There were six limitations in this study. First, the subjects were of an advanced age (mean 82.4 years); this was due to one of the conditions for starting teriparatide treatment. However, this age range makes the study more relevant to the actual clinical practice in Japan, where teriparatide is administered to osteoporosis patients with a high risk of fracture. Second, the subjects were randomized using a block replacement method based on their lumbar spine BMD. Therefore, unevenness in the number of participants in three groups was present at the time of study initiation (41, 42, and 38 subjects in the minodronate, raloxifene, and eldecalcitol groups, respectively). Third, there was no control group in which treatment was not provided after teriparatide discontinuation. Fourth, there were reports that lower serum 25(OH)D levels increased the risk of inadequate response to antiresorptives and that the effect of eldecalcitol on BMD was independent of serum 25(OH)D levels [27, 28]. However, serum 25(OH)D levels were not evaluated in this study. Fifth, because the turnover rate and the balance were calculated on the basis of the BTM values of untreated postmenopausal women with osteoporosis as a reference, the effects of treatment could be relatively evaluated with them. However, the depth of the examination did not facilitate evaluation of the absolute values of the turnover rate and of the balance. Therefore, they could only be used to observe the relative changes in bone metabolism. Finally, we did not include denosumab, which is shown to have a potent suppressive effect on bone resorption. These topics are therefore issues for future studies.

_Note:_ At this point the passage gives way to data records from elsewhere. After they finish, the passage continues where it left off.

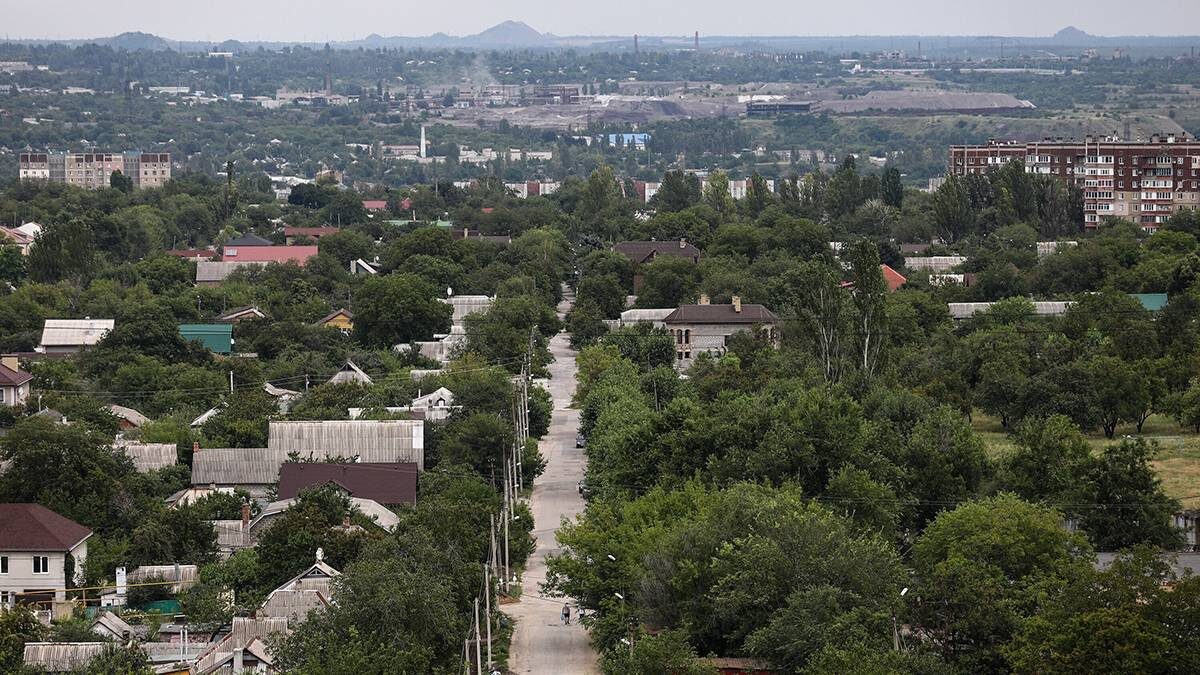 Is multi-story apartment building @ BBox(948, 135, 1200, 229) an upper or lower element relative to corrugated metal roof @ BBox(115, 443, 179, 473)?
upper

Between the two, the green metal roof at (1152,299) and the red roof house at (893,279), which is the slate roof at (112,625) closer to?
the green metal roof at (1152,299)

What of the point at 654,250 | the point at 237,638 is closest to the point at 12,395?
the point at 237,638

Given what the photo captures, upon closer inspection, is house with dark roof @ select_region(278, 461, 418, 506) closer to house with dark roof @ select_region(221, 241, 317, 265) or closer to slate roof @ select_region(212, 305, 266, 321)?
slate roof @ select_region(212, 305, 266, 321)

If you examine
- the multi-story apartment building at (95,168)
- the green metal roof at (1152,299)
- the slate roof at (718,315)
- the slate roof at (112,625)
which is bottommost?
the multi-story apartment building at (95,168)

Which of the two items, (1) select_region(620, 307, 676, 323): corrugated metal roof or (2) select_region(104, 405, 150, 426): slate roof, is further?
(1) select_region(620, 307, 676, 323): corrugated metal roof

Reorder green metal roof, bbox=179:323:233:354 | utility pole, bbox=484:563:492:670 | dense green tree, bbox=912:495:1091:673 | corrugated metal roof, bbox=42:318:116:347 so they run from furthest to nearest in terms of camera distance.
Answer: corrugated metal roof, bbox=42:318:116:347 → green metal roof, bbox=179:323:233:354 → utility pole, bbox=484:563:492:670 → dense green tree, bbox=912:495:1091:673

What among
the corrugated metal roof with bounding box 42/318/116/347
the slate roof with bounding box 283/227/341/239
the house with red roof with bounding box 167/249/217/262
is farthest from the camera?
the slate roof with bounding box 283/227/341/239

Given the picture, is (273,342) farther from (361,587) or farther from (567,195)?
(567,195)

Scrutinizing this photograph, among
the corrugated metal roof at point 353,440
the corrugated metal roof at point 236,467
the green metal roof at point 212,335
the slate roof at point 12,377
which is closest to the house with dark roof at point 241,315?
the green metal roof at point 212,335

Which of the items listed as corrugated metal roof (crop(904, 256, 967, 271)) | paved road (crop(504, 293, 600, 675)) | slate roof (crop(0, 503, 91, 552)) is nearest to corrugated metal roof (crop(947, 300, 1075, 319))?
Result: corrugated metal roof (crop(904, 256, 967, 271)) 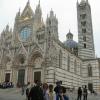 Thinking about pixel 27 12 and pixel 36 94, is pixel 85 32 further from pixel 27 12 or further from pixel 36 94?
pixel 36 94

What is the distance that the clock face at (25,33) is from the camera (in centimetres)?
3153

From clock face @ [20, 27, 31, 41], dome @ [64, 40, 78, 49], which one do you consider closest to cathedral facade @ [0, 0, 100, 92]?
clock face @ [20, 27, 31, 41]

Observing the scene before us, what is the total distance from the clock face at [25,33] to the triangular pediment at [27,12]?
7.25ft

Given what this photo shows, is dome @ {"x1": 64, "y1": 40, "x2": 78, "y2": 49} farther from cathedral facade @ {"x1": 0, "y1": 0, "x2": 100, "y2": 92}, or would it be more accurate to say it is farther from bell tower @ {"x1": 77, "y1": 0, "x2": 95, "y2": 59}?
cathedral facade @ {"x1": 0, "y1": 0, "x2": 100, "y2": 92}

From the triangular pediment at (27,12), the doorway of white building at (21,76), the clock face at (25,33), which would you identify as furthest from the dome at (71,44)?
the doorway of white building at (21,76)

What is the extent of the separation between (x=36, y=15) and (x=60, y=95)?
24913 millimetres

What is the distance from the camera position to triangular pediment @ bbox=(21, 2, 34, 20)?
33.0 meters

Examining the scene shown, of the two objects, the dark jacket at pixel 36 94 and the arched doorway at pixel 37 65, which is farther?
the arched doorway at pixel 37 65

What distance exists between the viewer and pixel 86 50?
128 ft

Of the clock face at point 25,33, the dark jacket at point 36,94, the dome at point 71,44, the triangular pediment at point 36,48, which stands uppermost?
the dome at point 71,44

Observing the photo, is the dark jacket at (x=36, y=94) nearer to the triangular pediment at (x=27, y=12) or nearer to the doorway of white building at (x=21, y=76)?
the doorway of white building at (x=21, y=76)

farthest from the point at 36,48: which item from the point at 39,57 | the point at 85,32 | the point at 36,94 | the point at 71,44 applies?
the point at 36,94

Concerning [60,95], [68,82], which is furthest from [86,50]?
[60,95]

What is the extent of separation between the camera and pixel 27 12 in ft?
110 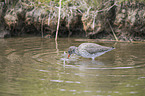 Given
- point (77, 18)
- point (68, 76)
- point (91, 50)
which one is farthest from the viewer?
point (77, 18)

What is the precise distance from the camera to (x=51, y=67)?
21.0 feet

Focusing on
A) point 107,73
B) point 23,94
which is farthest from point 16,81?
point 107,73

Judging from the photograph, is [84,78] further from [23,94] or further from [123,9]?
[123,9]

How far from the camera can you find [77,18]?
13586 mm

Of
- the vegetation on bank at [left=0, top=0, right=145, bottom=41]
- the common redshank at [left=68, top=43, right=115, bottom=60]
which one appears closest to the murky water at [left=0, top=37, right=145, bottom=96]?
the common redshank at [left=68, top=43, right=115, bottom=60]

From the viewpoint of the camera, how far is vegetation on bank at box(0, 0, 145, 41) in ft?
40.1

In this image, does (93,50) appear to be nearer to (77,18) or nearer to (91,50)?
(91,50)

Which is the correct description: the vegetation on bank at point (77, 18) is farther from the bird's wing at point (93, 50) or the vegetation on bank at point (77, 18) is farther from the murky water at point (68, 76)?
the bird's wing at point (93, 50)

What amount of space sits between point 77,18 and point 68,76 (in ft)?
27.6

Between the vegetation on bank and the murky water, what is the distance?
15.2ft

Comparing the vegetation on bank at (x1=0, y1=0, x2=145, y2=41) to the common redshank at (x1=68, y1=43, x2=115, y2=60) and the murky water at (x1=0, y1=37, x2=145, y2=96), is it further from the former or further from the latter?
the common redshank at (x1=68, y1=43, x2=115, y2=60)

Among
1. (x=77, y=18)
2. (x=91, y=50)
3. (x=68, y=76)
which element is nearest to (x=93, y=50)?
(x=91, y=50)

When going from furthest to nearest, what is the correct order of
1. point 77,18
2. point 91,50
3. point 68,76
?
point 77,18 < point 91,50 < point 68,76

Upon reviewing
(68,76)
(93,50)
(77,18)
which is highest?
(77,18) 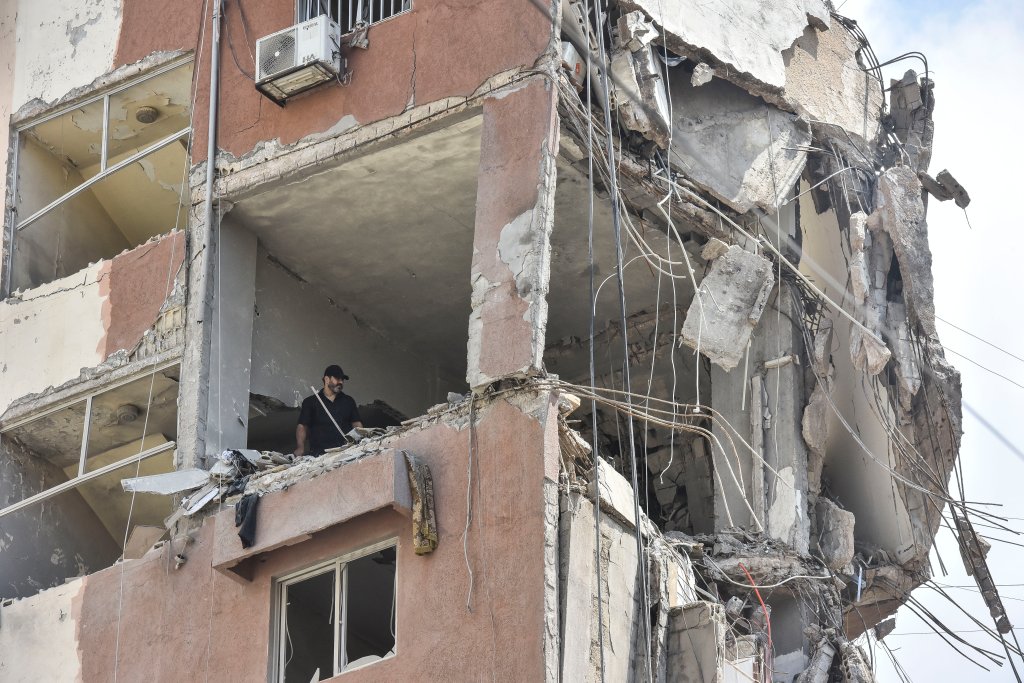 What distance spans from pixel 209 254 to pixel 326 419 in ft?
6.39

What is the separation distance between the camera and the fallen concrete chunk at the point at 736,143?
1750 centimetres

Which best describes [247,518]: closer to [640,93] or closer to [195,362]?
[195,362]

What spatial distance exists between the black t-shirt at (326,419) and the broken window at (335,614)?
139cm

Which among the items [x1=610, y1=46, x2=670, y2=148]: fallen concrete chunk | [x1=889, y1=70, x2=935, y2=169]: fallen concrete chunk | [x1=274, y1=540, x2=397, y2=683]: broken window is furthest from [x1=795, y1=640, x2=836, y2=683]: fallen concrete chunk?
[x1=889, y1=70, x2=935, y2=169]: fallen concrete chunk

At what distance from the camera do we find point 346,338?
741 inches

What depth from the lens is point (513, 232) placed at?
1487cm

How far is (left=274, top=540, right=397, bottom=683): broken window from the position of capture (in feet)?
47.8

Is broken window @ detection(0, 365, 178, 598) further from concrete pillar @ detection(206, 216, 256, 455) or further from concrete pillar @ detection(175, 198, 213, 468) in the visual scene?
concrete pillar @ detection(206, 216, 256, 455)

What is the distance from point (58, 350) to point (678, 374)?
659 centimetres

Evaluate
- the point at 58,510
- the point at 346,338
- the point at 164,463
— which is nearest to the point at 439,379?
the point at 346,338

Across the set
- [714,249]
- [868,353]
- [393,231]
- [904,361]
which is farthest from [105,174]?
[904,361]

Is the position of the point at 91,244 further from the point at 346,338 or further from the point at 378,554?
the point at 378,554

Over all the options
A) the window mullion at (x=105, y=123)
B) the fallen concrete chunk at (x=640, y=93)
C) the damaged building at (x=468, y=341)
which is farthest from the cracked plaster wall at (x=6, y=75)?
the fallen concrete chunk at (x=640, y=93)

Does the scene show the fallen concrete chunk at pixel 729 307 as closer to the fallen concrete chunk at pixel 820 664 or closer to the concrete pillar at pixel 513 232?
the concrete pillar at pixel 513 232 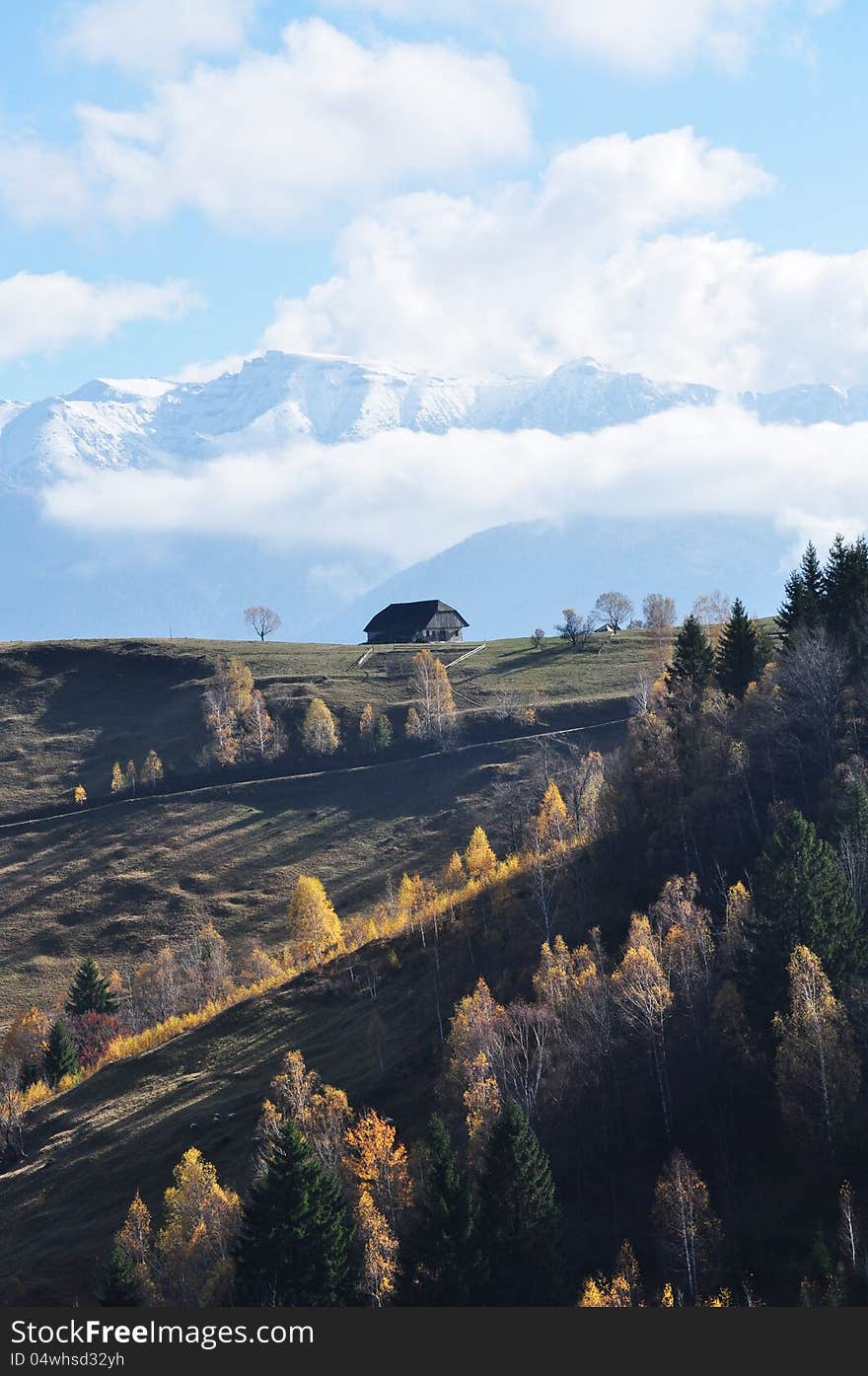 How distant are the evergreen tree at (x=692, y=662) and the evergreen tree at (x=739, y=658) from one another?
132 cm

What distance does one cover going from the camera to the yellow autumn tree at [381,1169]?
60.7 meters

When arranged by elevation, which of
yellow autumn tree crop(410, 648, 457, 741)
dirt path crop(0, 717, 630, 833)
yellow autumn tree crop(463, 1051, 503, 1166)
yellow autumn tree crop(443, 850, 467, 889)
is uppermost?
yellow autumn tree crop(410, 648, 457, 741)

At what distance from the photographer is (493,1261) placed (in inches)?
2124

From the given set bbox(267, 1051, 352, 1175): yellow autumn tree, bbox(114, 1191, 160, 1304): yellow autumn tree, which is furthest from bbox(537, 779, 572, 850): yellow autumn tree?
bbox(114, 1191, 160, 1304): yellow autumn tree

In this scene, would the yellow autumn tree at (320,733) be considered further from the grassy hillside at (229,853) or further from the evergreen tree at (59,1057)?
the evergreen tree at (59,1057)

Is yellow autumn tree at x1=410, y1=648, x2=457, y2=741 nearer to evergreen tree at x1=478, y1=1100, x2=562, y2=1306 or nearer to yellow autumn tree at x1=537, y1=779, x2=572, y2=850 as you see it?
yellow autumn tree at x1=537, y1=779, x2=572, y2=850

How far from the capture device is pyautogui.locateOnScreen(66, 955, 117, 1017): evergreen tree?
399ft

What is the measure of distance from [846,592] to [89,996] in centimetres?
8233

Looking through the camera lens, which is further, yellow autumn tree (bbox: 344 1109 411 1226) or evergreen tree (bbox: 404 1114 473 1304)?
yellow autumn tree (bbox: 344 1109 411 1226)

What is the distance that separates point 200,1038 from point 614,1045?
47.2 metres

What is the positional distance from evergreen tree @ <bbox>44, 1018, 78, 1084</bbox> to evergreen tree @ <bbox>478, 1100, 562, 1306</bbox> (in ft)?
213

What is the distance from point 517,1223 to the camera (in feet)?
178

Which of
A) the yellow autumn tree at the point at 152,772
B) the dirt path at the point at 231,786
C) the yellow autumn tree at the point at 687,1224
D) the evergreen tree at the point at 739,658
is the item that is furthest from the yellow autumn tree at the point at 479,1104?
the yellow autumn tree at the point at 152,772

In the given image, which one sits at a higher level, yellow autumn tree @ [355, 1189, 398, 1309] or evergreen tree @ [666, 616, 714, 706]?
evergreen tree @ [666, 616, 714, 706] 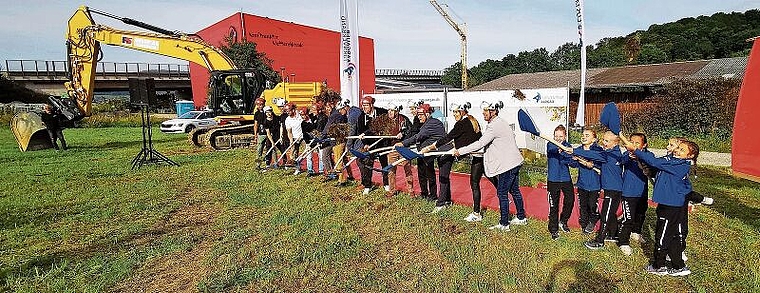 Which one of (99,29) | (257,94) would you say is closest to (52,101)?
(99,29)

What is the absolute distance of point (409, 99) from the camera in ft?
41.8

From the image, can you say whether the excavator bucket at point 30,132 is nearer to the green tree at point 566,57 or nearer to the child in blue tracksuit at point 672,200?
the child in blue tracksuit at point 672,200

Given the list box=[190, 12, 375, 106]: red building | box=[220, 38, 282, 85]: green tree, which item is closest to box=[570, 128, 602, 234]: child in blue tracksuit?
box=[220, 38, 282, 85]: green tree

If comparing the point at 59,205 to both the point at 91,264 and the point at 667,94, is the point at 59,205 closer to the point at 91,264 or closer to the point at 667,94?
the point at 91,264

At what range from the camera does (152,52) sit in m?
15.4

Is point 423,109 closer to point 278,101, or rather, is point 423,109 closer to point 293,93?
point 278,101

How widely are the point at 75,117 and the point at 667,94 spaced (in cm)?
2069

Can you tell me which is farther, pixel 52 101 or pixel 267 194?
pixel 52 101

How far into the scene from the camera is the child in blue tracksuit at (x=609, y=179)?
16.0 ft

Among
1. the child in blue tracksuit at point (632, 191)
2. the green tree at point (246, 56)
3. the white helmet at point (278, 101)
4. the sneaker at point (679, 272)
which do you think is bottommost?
the sneaker at point (679, 272)

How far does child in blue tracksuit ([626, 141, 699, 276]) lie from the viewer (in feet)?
13.7

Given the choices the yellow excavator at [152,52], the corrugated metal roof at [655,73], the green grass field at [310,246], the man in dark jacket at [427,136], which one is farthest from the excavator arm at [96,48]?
the corrugated metal roof at [655,73]

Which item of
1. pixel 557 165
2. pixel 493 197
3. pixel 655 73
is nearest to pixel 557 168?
pixel 557 165

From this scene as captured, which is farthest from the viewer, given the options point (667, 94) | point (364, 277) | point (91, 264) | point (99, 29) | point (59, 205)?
point (667, 94) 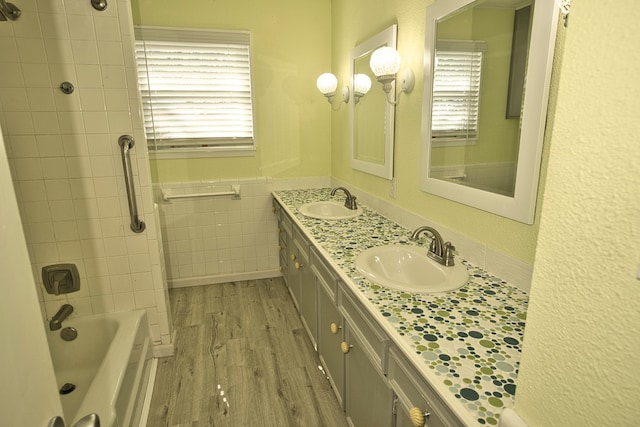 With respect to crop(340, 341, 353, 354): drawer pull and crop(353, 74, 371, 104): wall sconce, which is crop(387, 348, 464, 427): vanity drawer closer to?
crop(340, 341, 353, 354): drawer pull

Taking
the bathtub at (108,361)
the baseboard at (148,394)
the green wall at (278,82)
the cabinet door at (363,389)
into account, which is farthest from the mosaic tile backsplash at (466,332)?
the green wall at (278,82)

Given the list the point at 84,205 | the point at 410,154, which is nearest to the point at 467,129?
the point at 410,154

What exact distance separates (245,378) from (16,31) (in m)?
2.10

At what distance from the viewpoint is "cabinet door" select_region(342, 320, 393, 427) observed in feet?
4.02

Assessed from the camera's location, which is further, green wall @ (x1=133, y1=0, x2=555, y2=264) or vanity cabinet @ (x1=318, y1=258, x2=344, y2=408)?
green wall @ (x1=133, y1=0, x2=555, y2=264)

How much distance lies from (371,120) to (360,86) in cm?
31

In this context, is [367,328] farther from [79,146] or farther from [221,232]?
[221,232]

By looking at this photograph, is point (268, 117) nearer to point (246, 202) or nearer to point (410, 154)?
point (246, 202)

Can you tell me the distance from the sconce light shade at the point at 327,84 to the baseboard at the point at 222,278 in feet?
5.57

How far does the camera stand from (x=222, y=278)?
3.39 metres

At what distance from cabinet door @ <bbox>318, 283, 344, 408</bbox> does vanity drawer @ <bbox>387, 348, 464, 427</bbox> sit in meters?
0.51

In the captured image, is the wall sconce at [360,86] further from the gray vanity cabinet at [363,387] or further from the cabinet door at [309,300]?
the gray vanity cabinet at [363,387]

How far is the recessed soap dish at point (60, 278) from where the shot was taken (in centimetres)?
198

The novel points of this study were that the subjects received teriparatide for 24 months with ≥90% adherence and that the BMD-increasing effects of bone resorption inhibitors were evaluated using both turnover rate and balance. In conclusion, as the BMD-increasing potency of minodronate, raloxifene, and eldecalcitol was anticipated to decrease in this order, minodronate was the best choice to be used as medication after 24 months of treatment with teriparatide. All these drugs had significantly reduced the bone turnover rate by week 12; the rate of decrease was greatest with minodronate. When analyzing the bone formation–resorption balance, the residual effects of teriparatide should be taken into account up to week 12. The BMD-increasing effect depends not only on the decrease in turnover rate but also on changes in balance. The consideration of both turnover rate and balance was necessary to evaluate the effects of BTMs in post-teriparatide therapy.